Now, I don’t think POTs are sufficient, I think we need to be working against this huge infrastructure of service-oriented architectures, the immense investment money funneled into optimization, and so on. It’s not sufficient to hit these smaller points, but it is necessary.
ft: My initial impression with POTs was that they present a technical solution to political problems dressed up as technical ones, and that, like other technical approaches, they would be biased towards individual or small group action. But some of the examples you work with are contingent on large-scale organizing and coordination—do you think the majority of POTs actually fall into this category?
sg: There are classes of POTs that you’re referring to, which is exemplified by Uber drivers turning off their apps in a synchronized manner.
ft: Yeah, that’s the one I was thinking of.
sg: We did see one article that showed that there’s actually an app that facilitates this—which shows how sticky all this infrastructure is, that you need to build an app to go against another app. Not to be too romantic about it, but my impression thus far is that the most successful organizing we’ve seen that can be described as POTs is when there is classical online and offline organizers: Uber drivers organizing face-to-face, Deliveroo riders organizing face-to-face. Or at least on platforms dedicated for this, like Turkopticon that was initiated by Lilly Irani and Six Silberman. When we contacted some Deliveroo organizers and said “could we build POTs for you,” it was clear we’d have to go to some of these people and ask them about their experiences, and now Carmela and Bekah and Bogdan are working with gig workers for another project, and there again we depend on their organizing to get that work done.

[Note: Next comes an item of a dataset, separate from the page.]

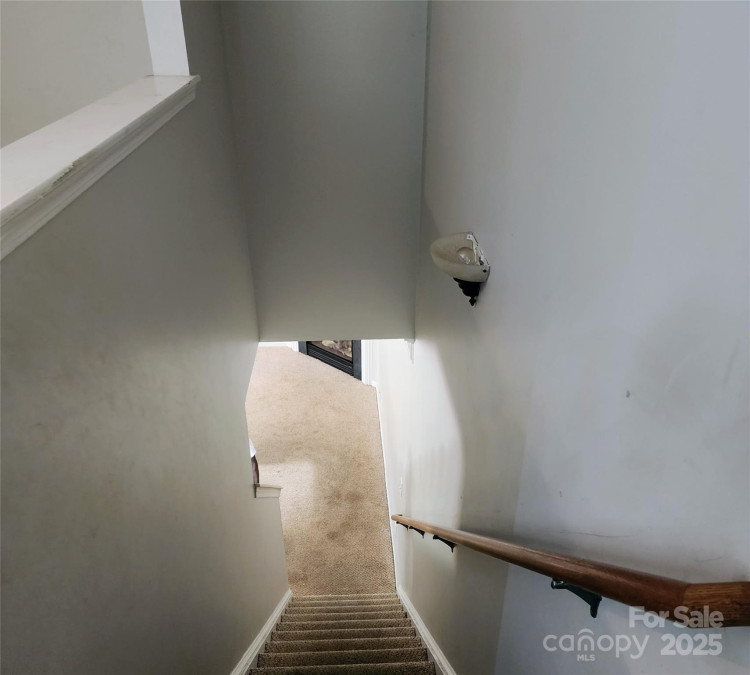 616 Mountain Quail Dr Charlotte, NC 28216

jg: I would love to hear any very speculative comments on places that you think you could or others could take POTs, especially thinking about where and how you could collaborate with people who are most directly affected by any particular optimization system.
bo: One area we haven’t explored very much, so this is super speculative, is predictive policing. Again, predictive policing is an optimization system, you have n officers who work m hours: how do you optimize their positions? What are the negative externalities of optimizing the system in such a way? There’s a lot of work going on right now from a policy perspective—how do we stop these practices—which is the bigger and important question. But there’s the smaller question of what we can do in the meantime to fight back against these systems. Is there a way to get a predictive policing algorithm to be less effective?
sg: We also had an AirBnB example, right?
bo: It’s not solved, which maybe makes it an interesting example. On AirBnB you can manually set the price of the apartment you’re renting out, but you can also have the price be set by the system itself. So this is optimizing for price vs vacancy: How low do you have to make the price to have people there all the time? We’ve been looking at places where AirBnB has tanked the housing market, so I think the best example of this is Barcelona, where they’re having a problem with AirBnB that they’re working on from a legal and legislative perspective. We were looking at what are the inputs to this system that we can manipulate such that the recommended price algorithm is sabotaged or made useless.
sg: I think these examples show, how, if I compare it with what Francis and Sam and Brian did with predicting financial crime, where you’re inverting the proposed objective function, you’re not just doing the inputs to the algorithm to arrive at a different outcome, but you’re literally proposing a different system, I think that’s where POTs could be said to be a bit conservative, because we assume that the system is there, we assume that what we can do is predominantly—not only—but predominantly give it unsolicited feedback, as we like to call it, that then gives us different results. The question is how far can you go.